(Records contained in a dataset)
[Start of section]

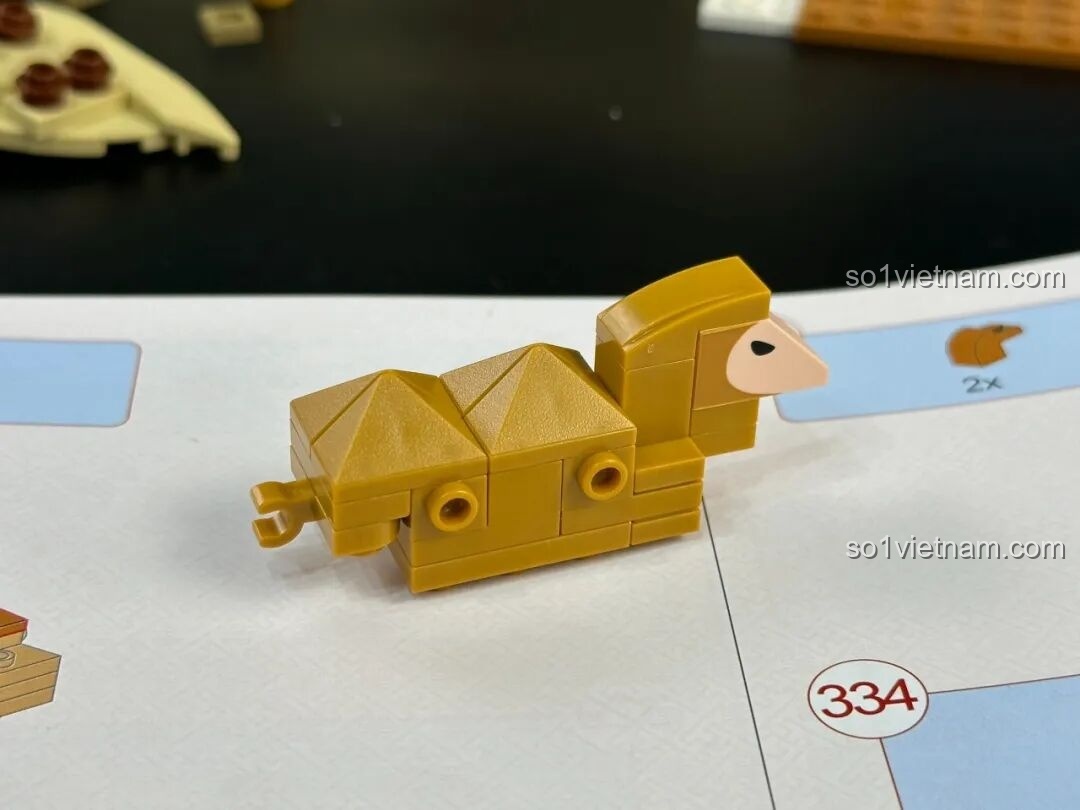 Cận cảnh chi tiết sừng vàng của Cửu Sắc Lộc trong bộ lắp ghép Keeppley K19906.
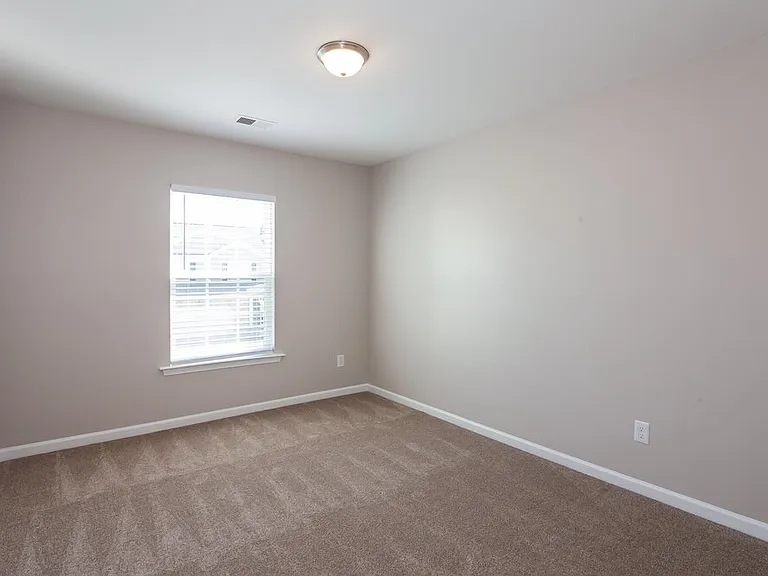 5104 Abercromby St — Photo 13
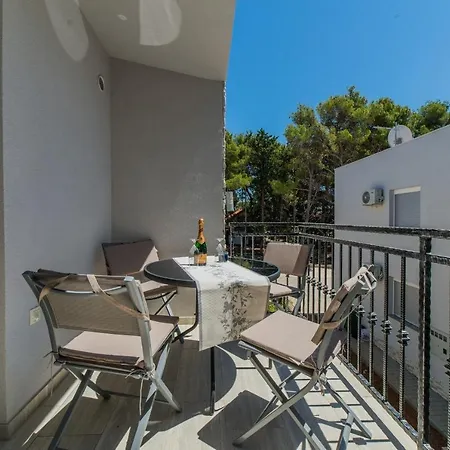 With Parking Space - 18550 Lejlighed *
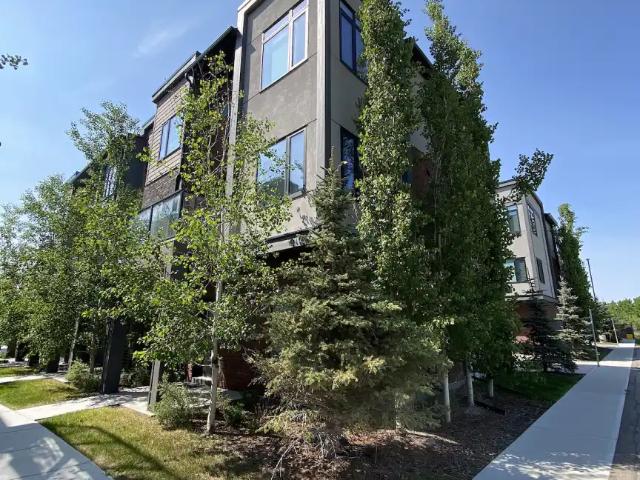 Bright 3BR+Den Townhouse | NW Calgary | Furnished & All Utilities Included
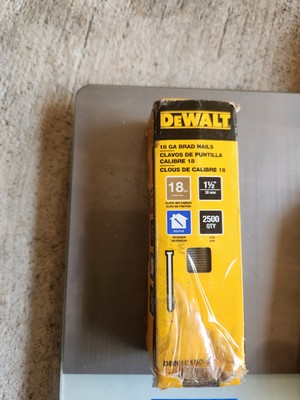 2500pc DeWalt DBN18150 1-1/2'' 18 Gauge Heavy-Duty Brad Nails, Pack of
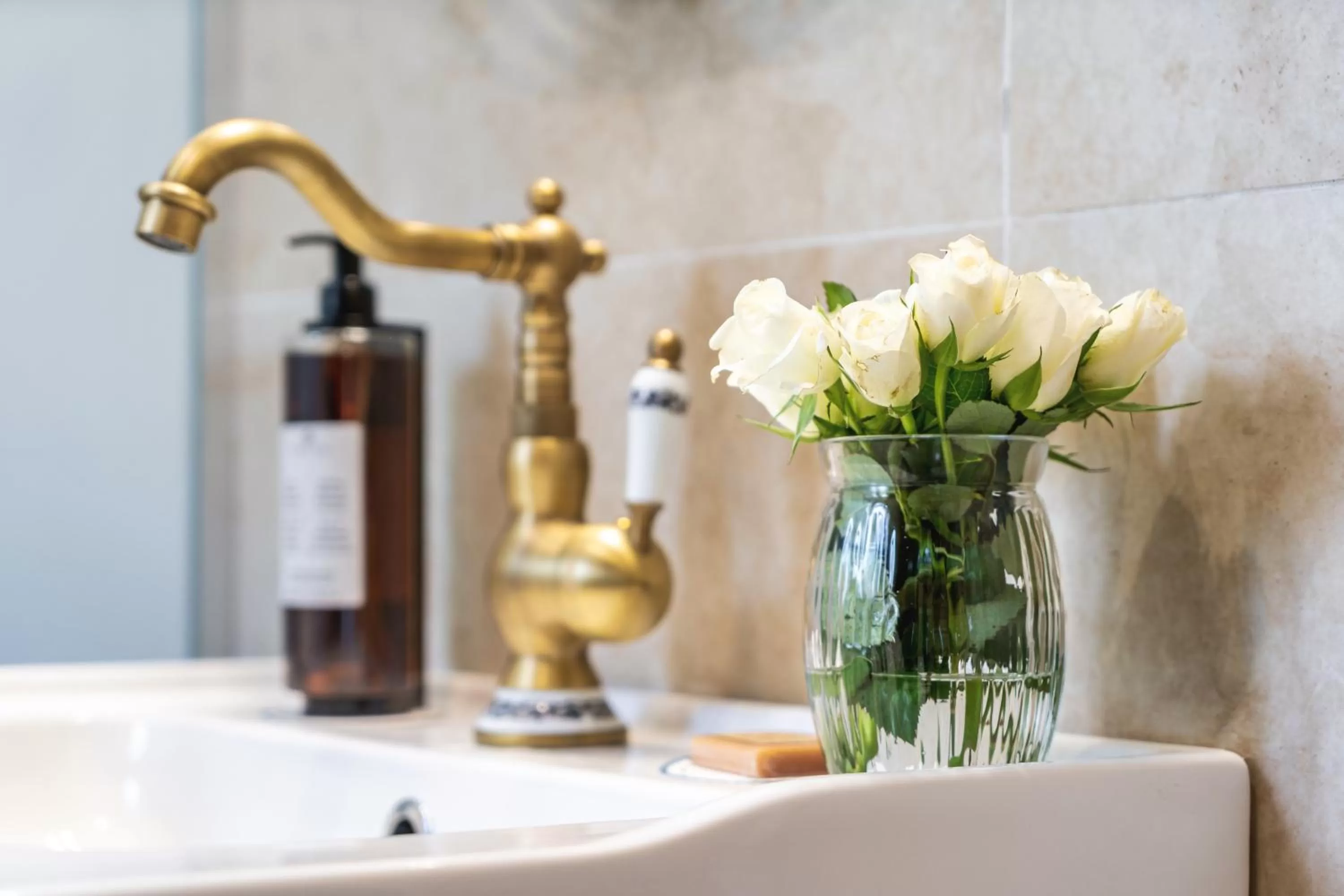 Bathroom in Nikolas Haus Premium Historic Center Stay & Free Parking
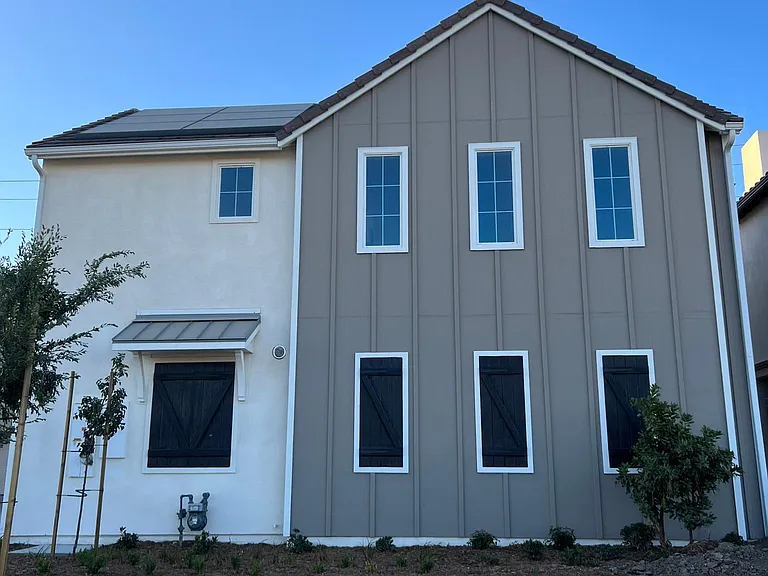 7528 Meridian St — Photo 1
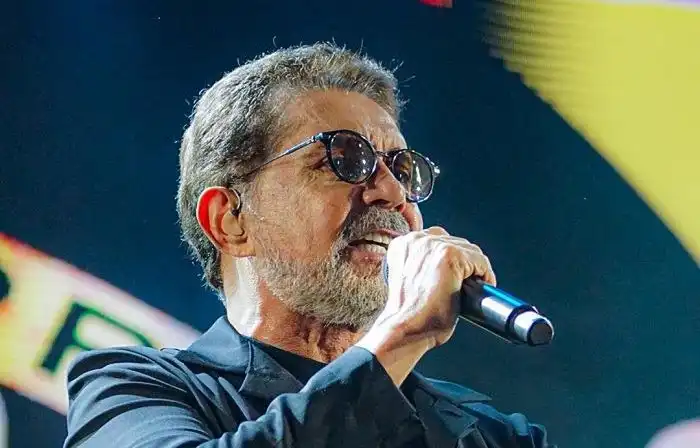 Imagem de Adelmario Coelho agitou Salvador na noite de ontem e segue para São João e São Pedro no interior da Bahia e Sergipe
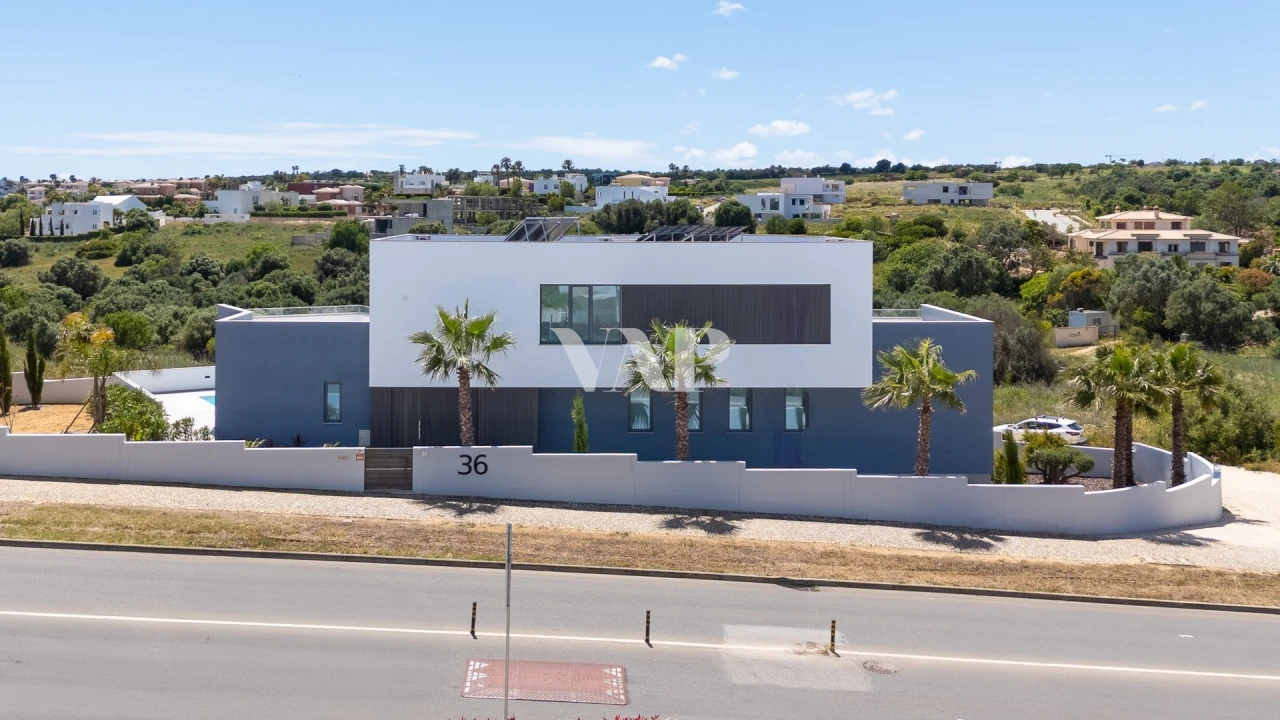Moradia T4 para Venda em Lagos (São Sebastião e Santa Maria) Foto 58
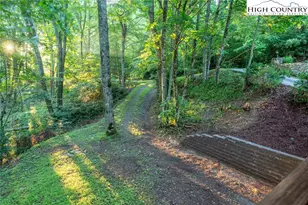 170 Mountain Laurel Ln, Blowing Rock, NC 28605 - Photo 32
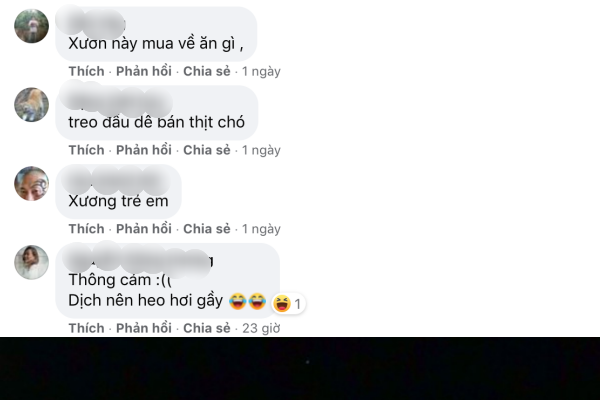 "Chắc là sườn que đông lạnh, không thấy tí thịt nào", "Dịch nên heo hơi gầy", "Dịch bệnh đã chán, ở nhà càng chán mà mua được hộp cơm trông xong thở không nổi",...netizen bình luận ngán ngẩm với suất đồ ăn mua trên mạng này.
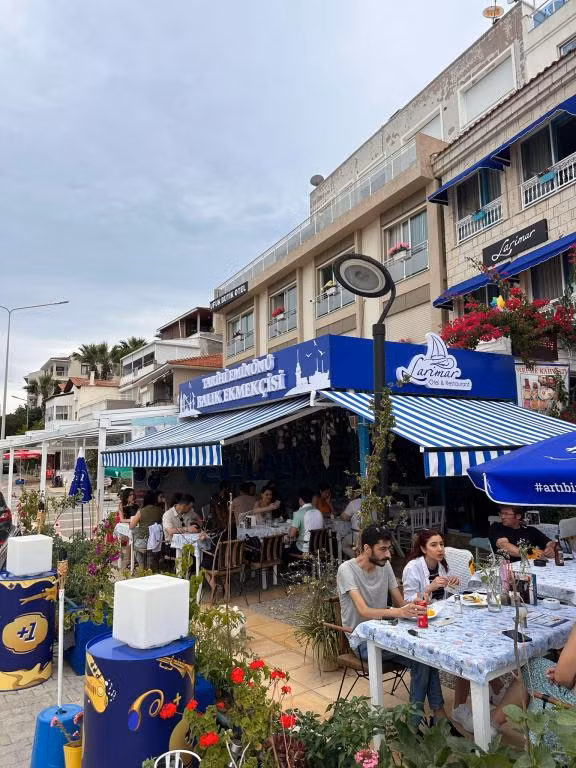 Çeşme Larimar Hotel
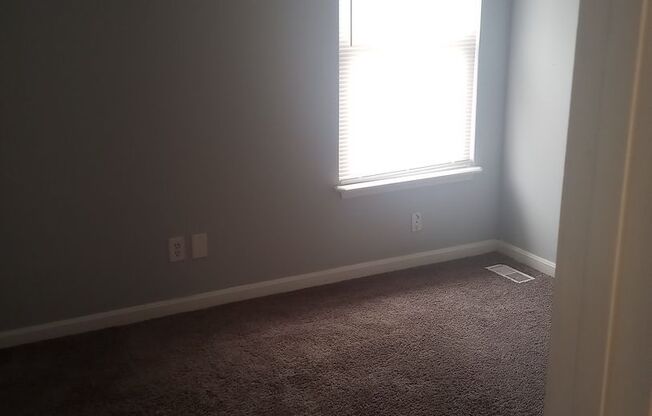 3 beds, 2 baths, $1,000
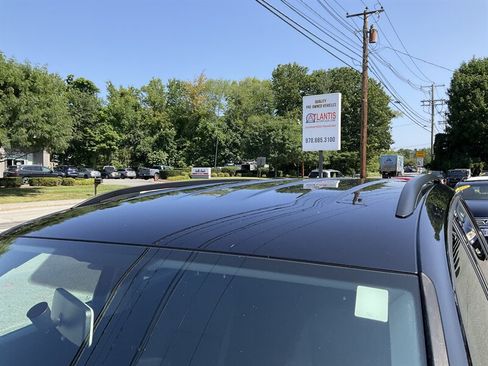 Used 2021 Volkswagen Tiguan S AWD/4WD image 9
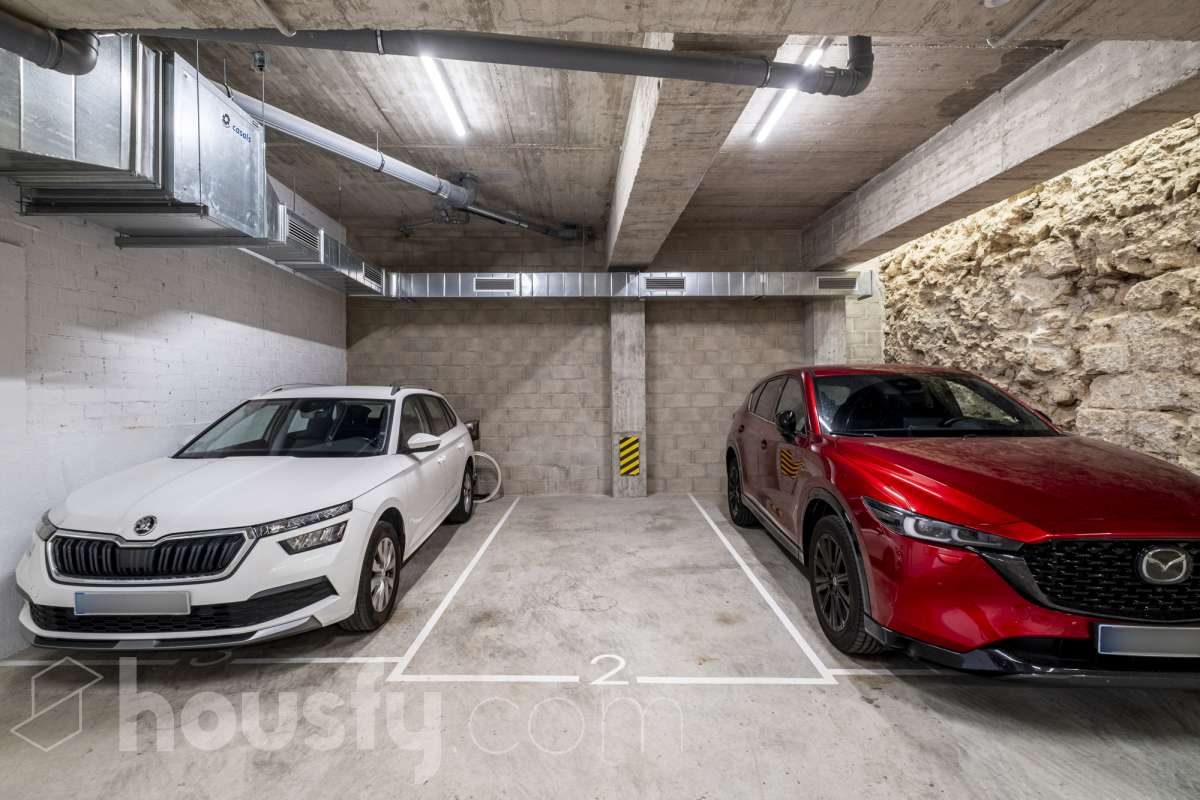 Housfy vende 🏡 luminoso piso de 85 m² útiles en Vilafranca del Penedès. Una vivienda de reciente construcción (2024) que destaca por sus acabados modernos, excelente distribución y gran entrada de luz natural. Distribución * Salón-comedor amplio y luminoso Cocina independiente totalmente equipada 2 Dormitorios 2 Baños completos Equipamiento y acabados * Balcón privado * Plaza de garaje incluida * Trastero * Aire acondicionado y calefacción * Finca con ascensor **Ubicación y entorno** Situado en una zona residencial consolidada de Vilafranca del Penedès, con acceso inmediato a todos los servicios esenciales: transporte público, comercios, supermercados, escuelas y farmacias. Una propiedad impecable, lista para entrar a vivir. Contacta con nosotros para concertar una visita. Aviso legal El precio de venta no incluye gastos de la compraventa como notaría, registro, impuestos, ni tampoco honorarios agencia. Esta publicación no es vinculante. Consulta siempre la nota simple con Housfy antes de formalizar la compraventa. Sobre nosotros Housfy es la plataforma integral de servicios inmobiliarios. Nuestra combinación de expertos y tecnología pone al alcance de todo el mundo servicios cómodos, claros y seguros. AICAT número: 7922. Nos encargamos de la gestión y asesoramiento de la compra. ¡Olvídate de todo! Hacemos los trámites por ti. Y, si además necesitas financiación, ponemos a tu disposición un bróker hipotecario para ayudarte a conseguir las mejores condiciones para tu perfil económico. ¿Quieres visitarla? Contacta con Housfy y agenda tu visita sin compromiso. Más información en: housfy.com-25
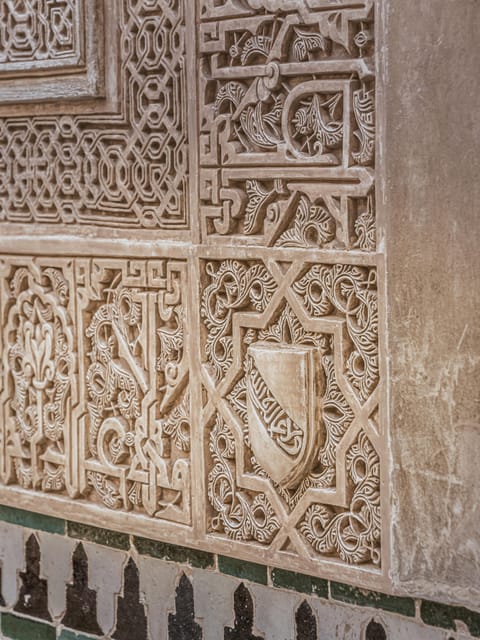 Granada: Combo Alhambra, Albaicín, and Sacromonte Tour - Price and what you actually get for $65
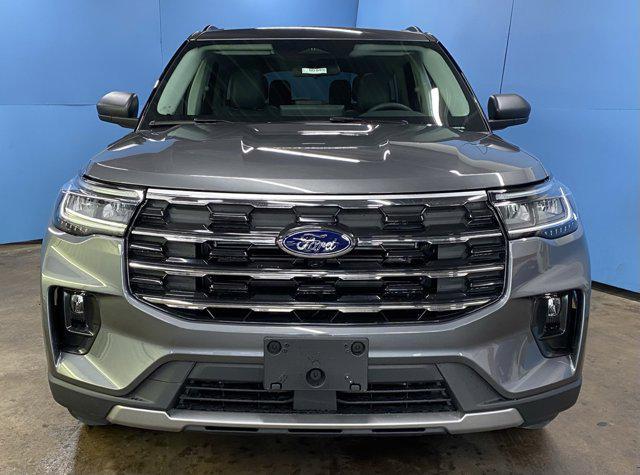new 2025 Ford Explorer car, priced at $47,372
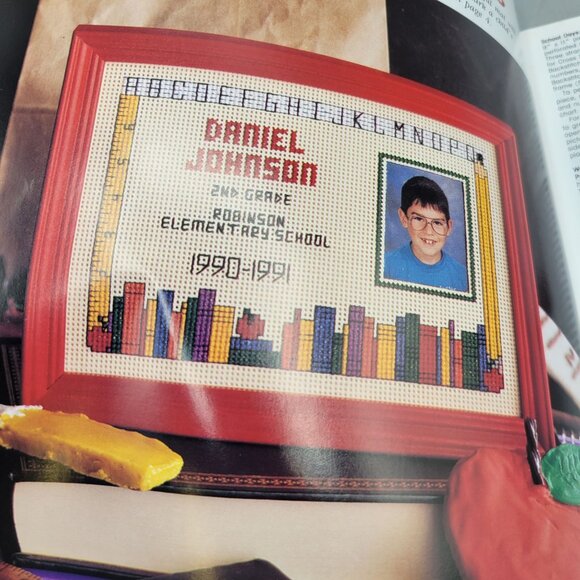 Leisure Arts Celebrations To Cross Stitch and Craft Pattern Book Autumn 1990 - Picture 8 of 8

[End of section]

[TASK DESCRIPTION]
Produce a verbatim copy of all records, minus pictures.

[OUTPUT FOR THIS TASK]
 Cận cảnh chi tiết sừng vàng của Cửu Sắc Lộc trong bộ lắp ghép Keeppley K19906.
 5104 Abercromby St — Photo 13
 With Parking Space - 18550 Lejlighed *
 Bright 3BR+Den Townhouse | NW Calgary | Furnished & All Utilities Included
 2500pc DeWalt DBN18150 1-1/2'' 18 Gauge Heavy-Duty Brad Nails, Pack of
 Bathroom in Nikolas Haus Premium Historic Center Stay & Free Parking
 7528 Meridian St — Photo 1
 Imagem de Adelmario Coelho agitou Salvador na noite de ontem e segue para São João e São Pedro no interior da Bahia e Sergipe
Moradia T4 para Venda em Lagos (São Sebastião e Santa Maria) Foto 58
 170 Mountain Laurel Ln, Blowing Rock, NC 28605 - Photo 32
 "Chắc là sườn que đông lạnh, không thấy tí thịt nào", "Dịch nên heo hơi gầy", "Dịch bệnh đã chán, ở nhà càng chán mà mua được hộp cơm trông xong thở không nổi",...netizen bình luận ngán ngẩm với suất đồ ăn mua trên mạng này.
 Çeşme Larimar Hotel
 3 beds, 2 baths, $1,000
 Used 2021 Volkswagen Tiguan S AWD/4WD image 9
 Housfy vende 🏡 luminoso piso de 85 m² útiles en Vilafranca del Penedès. Una vivienda de reciente construcción (2024) que destaca por sus acabados modernos, excelente distribución y gran entrada de luz natural. Distribución * Salón-comedor amplio y luminoso Cocina independiente totalmente equipada 2 Dormitorios 2 Baños completos Equipamiento y acabados * Balcón privado * Plaza de garaje incluida * Trastero * Aire acondicionado y calefacción * Finca con ascensor **Ubicación y entorno** Situado en una zona residencial consolidada de Vilafranca del Penedès, con acceso inmediato a todos los servicios esenciales: transporte público, comercios, supermercados, escuelas y farmacias. Una propiedad impecable, lista para entrar a vivir. Contacta con nosotros para concertar una visita. Aviso legal El precio de venta no incluye gastos de la compraventa como notaría, registro, impuestos, ni tampoco honorarios agencia. Esta publicación no es vinculante. Consulta siempre la nota simple con Housfy antes de formalizar la compraventa. Sobre nosotros Housfy es la plataforma integral de servicios inmobiliarios. Nuestra combinación de expertos y tecnología pone al alcance de todo el mundo servicios cómodos, claros y seguros. AICAT número: 7922. Nos encargamos de la gestión y asesoramiento de la compra. ¡Olvídate de todo! Hacemos los trámites por ti. Y, si además necesitas financiación, ponemos a tu disposición un bróker hipotecario para ayudarte a conseguir las mejores condiciones para tu perfil económico. ¿Quieres visitarla? Contacta con Housfy y agenda tu visita sin compromiso. Más información en: housfy.com-25
 Granada: Combo Alhambra, Albaicín, and Sacromonte Tour - Price and what you actually get for $65
new 2025 Ford Explorer car, priced at $47,372
 Leisure Arts Celebrations To Cross Stitch and Craft Pattern Book Autumn 1990 - Picture 8 of 8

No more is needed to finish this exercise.